Sorry, I forgot to mention.. I have this problem on another network (1D sound) in float32 export.

I compiled without openmp and without march=native, with -O2 and -g. I dumped the core and loaded it with gdb. The error seems to be in

#0  N2D2::Network::poolcellPropagate<32, 1, 1990, 32, 1, 995, 0, 0, 1, 2, 1, 2, (Pooling_T)0, (ActivationFunction_T)7, 71768, 56072, 0, 7608, 32, 7608, 31840, 0, 0, 32, float, float> (
    outputs=0x25158e0 <mem+30432>, inputs=0x2554360 <mem+287072>, this=<optimized out>)
    at ./include/Network.hpp:988
988                             if (inputs[iOffset + output + sx * INPUT_MEM_STRIDE]
(gdb) bt
#0  N2D2::Network::poolcellPropagate<32, 1, 1990, 32, 1, 995, 0, 0, 1, 2, 1, 2, (Pooling_T)0, (ActivationFunction_T)7, 71768, 56072, 0, 7608, 32, 7608, 31840, 0, 0, 32, float, float> (
    outputs=0x25158e0 <mem+30432>, inputs=0x2554360 <mem+287072>, this=<optimized out>)
    at ./include/Network.hpp:988
#1  N2D2::Network::propagate<float> (this=<optimized out>, inputs=<optimized out>, 
    outputs=0x3769950) at src/NetworkPropagate.cpp:275
olivierbichler-cea commented 3 years ago

Hi, could you send me the exported project? There is probably an issue with the memory manager, which is the most tricky part of the export...

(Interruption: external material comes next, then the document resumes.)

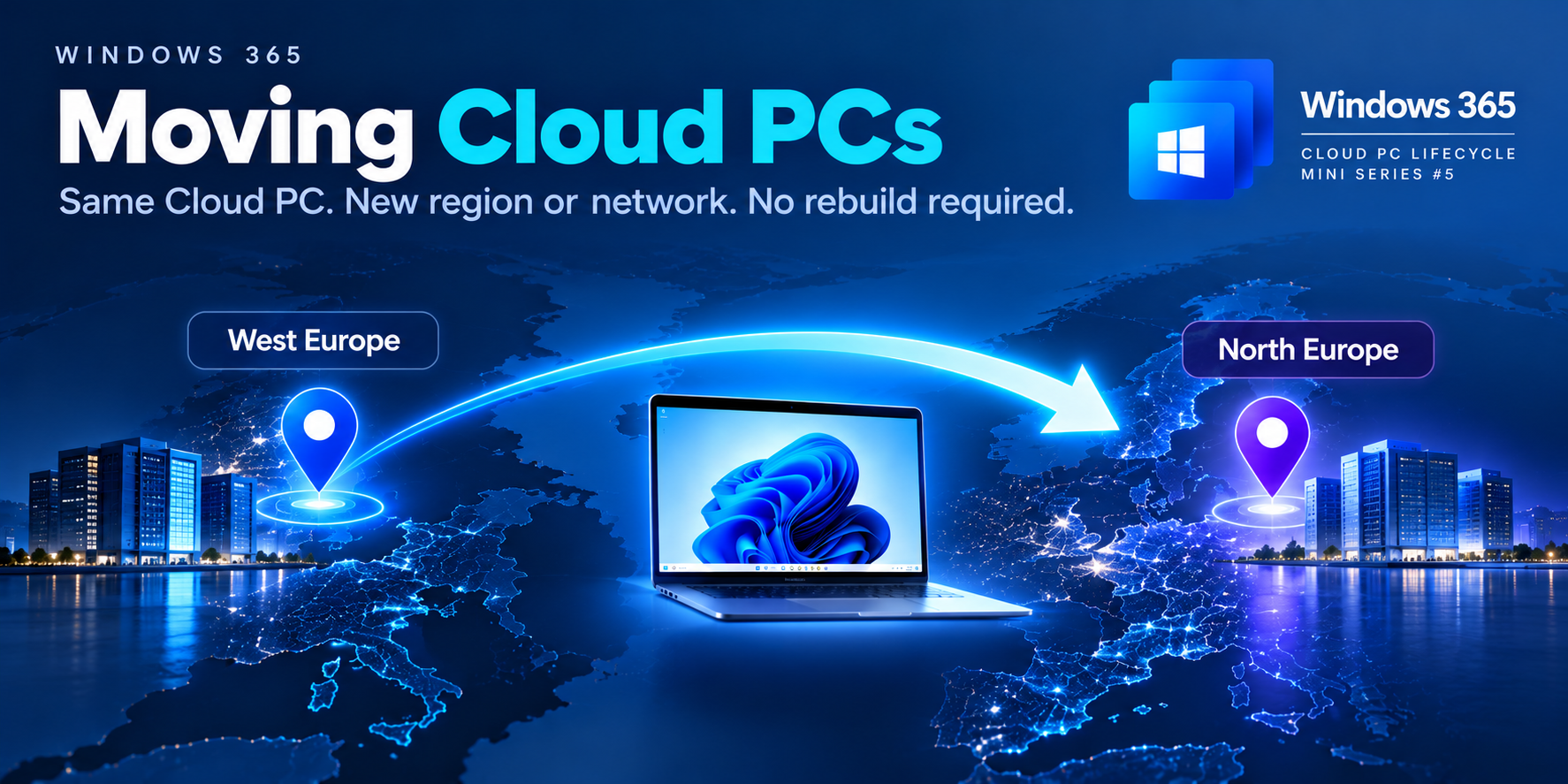 Windows 365 Cloud PC moving from West Europe to North Europe while retaining Windows, applications and user data.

andreistoian commented 3 years ago

It seems as you mention that the Memory size is computed incorrectly. It seems around 100 bytes less than needed which explains the random crashing as without optimization most likely the memory allocations are somehow padded in the heap or the area around the allocated buffer is not used. I'll send you the exported project.

olivierbichler-cea commented 3 years ago

I think I have a fix for your issue, which is due to a bad handling of memory wrapping. Here is a patch that you can try. N2D2 needs to be patched, recompiled and the export must be regenerated.

mem_manager_fix.log

This issue is not related to the initial issue of this post.

olivierbichler-cea commented 3 years ago

Actually, I finally pushed the patch in the latest commit. @andreistoian please use the new issue I created for your specific issue: #84

olivierbichler-cea commented 3 years ago

No activity, closing this issue, which may be solved by the latest commits. Please re-open if the issue still arise in the latest version.